▸ Task to complete
Transcribe every record verbatim.

----------------

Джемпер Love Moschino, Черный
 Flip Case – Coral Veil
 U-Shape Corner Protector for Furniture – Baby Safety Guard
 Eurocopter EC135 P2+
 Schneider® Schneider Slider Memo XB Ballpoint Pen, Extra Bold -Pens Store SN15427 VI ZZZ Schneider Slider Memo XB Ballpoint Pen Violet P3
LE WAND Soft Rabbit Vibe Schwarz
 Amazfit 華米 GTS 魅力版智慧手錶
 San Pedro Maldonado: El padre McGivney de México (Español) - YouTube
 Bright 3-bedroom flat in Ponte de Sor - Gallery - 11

----------------

▸ Output for this task
Джемпер Love Moschino, Черный
 Flip Case – Coral Veil
 U-Shape Corner Protector for Furniture – Baby Safety Guard
 Eurocopter EC135 P2+
 Schneider® Schneider Slider Memo XB Ballpoint Pen, Extra Bold -Pens Store SN15427 VI ZZZ Schneider Slider Memo XB Ballpoint Pen Violet P3
LE WAND Soft Rabbit Vibe Schwarz
 Amazfit 華米 GTS 魅力版智慧手錶
 San Pedro Maldonado: El padre McGivney de México (Español) - YouTube
 Bright 3-bedroom flat in Ponte de Sor - Gallery - 11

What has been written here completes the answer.